In Nilus, Batch ingestion is simple and cost-effective, as it involves scheduled processing that reduces infrastructure costs. Nilus batch ingestion offers several benefits and considerations:

Operational simplicity and ease of implementation: Nilus batch ingestion streamlines data transfer processes, reducing setup complexity.
Efficient handling of high-volume data transfers: Capable of moving large datasets effectively, optimizing throughput.
Suitable for off-peak scheduling to reduce system load: Can be scheduled during low-traffic periods, minimizing impact on production systems.

Data Flow in Nilus¶

Nilus organizes the data flow into three distinct stages, ensuring clarity, modularity, and scalability.

Extract¶

The Extract phase is the entry point into the Nilus pipeline, responsible for interfacing directly with source systems to retrieve raw data. Nilus supports two primary extraction patterns — batch and CDC (change data capture).

Batch extraction is typically used for bulk data movement, such as periodic imports from enterprise data warehouses or business applications. It is optimized for high-throughput and reliability, ensuring that even large datasets can be moved efficiently and consistently.
In contrast, CDC caters to real-time monitoring of all the changes occurring on the target dataset/schema/database in the source. Here, Nilus captures all the inserts, updates, and deletes since the last sync, greatly improving performance and reducing the volume of data that needs to be processed.
Extraction is schema-aware, meaning Nilus leverages schema hints and metadata to guide the process, ensuring the correct interpretation of source data types and structures.

Normalize¶

Once raw data is extracted, the Normalize phase begins. This stage is critical for ensuring consistency. The goal of normalization in Nilus is to transform disparate source data into a unified, consumable format that aligns with the target data models used in the DataOS Lakehouse.

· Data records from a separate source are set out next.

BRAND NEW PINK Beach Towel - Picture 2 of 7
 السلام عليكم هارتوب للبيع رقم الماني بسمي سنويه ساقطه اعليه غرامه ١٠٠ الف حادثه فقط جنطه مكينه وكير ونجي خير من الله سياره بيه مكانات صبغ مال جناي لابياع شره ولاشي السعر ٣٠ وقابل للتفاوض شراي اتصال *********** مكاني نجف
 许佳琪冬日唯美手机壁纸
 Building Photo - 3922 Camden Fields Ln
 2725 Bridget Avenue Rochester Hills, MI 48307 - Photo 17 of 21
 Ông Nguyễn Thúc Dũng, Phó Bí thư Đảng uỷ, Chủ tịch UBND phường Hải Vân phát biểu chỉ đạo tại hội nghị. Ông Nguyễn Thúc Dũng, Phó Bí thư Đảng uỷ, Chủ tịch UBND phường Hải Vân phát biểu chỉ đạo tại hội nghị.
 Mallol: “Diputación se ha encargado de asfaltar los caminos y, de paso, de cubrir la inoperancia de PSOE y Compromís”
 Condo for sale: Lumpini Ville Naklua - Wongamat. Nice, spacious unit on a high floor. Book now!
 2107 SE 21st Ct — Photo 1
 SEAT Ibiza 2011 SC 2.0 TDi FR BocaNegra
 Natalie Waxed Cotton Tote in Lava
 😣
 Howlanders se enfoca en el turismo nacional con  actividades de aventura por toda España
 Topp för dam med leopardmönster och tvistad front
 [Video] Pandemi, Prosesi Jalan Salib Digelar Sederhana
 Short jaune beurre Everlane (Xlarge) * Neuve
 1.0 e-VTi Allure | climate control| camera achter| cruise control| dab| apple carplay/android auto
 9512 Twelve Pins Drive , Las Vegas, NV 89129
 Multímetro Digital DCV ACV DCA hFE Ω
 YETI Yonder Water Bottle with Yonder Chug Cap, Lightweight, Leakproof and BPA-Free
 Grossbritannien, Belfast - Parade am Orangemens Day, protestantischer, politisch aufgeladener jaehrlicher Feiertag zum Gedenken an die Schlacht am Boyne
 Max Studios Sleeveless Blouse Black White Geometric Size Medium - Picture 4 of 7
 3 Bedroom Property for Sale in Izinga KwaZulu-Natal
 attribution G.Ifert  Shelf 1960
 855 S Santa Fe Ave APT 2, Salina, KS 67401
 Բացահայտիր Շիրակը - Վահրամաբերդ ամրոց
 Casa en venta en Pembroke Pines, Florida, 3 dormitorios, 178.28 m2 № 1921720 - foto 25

Normalization involves multiple processes, beginning with schema inference and schema evolution handling. Nilus automatically detects the structure of incoming data and adapts gracefully to changes such as added columns or new data types. It intelligently flattens complex and nested structures based on the user-defined configurations, producing normalized relational tables.
A particularly important feature of normalization is variant handling. Source systems may contain data with inconsistencies - fields that occasionally change type or structure. Nilus identifies and resolves these variations to produce a clean, type-consistent dataset.
This entire process is optimized for speed and scalability, with configurable controls over memory usage, file sizes, and concurrency levels to ensure smooth and predictable processing.

Load¶

The final stage of the Nilus pipeline is the Load phase, which is responsible for persisting the normalized data into the DataOS Lakehouse. This phase is engineered for reliability and operational excellence, ensuring that data lands in the lakehouse accurately, completely, and ready for downstream consumption.

The load process begins with schema migration, where Nilus applies necessary schema changes to the destination to accommodate updates or new data structures introduced upstream. To maintain scalability and efficiency, loading is performed in chunks. This chunked loading approach divides large datasets into smaller segments, which are processed in parallel, improving throughput and reducing risk.
To ensure data consistency and avoid duplication, Nilus employs idempotent load operations. Even if the load process is retried due to transient issues, the system guarantees that duplicate records are not created (unless the source contains duplicates). Robust error handling and recovery mechanisms are in place to detect issues during loading and automatically recover when possible.
Finally, comprehensive monitoring and logging capabilities provide transparency and traceability, enabling teams to audit, troubleshoot, and optimize loading operations with confidence via prometheus metrics and detailed logs.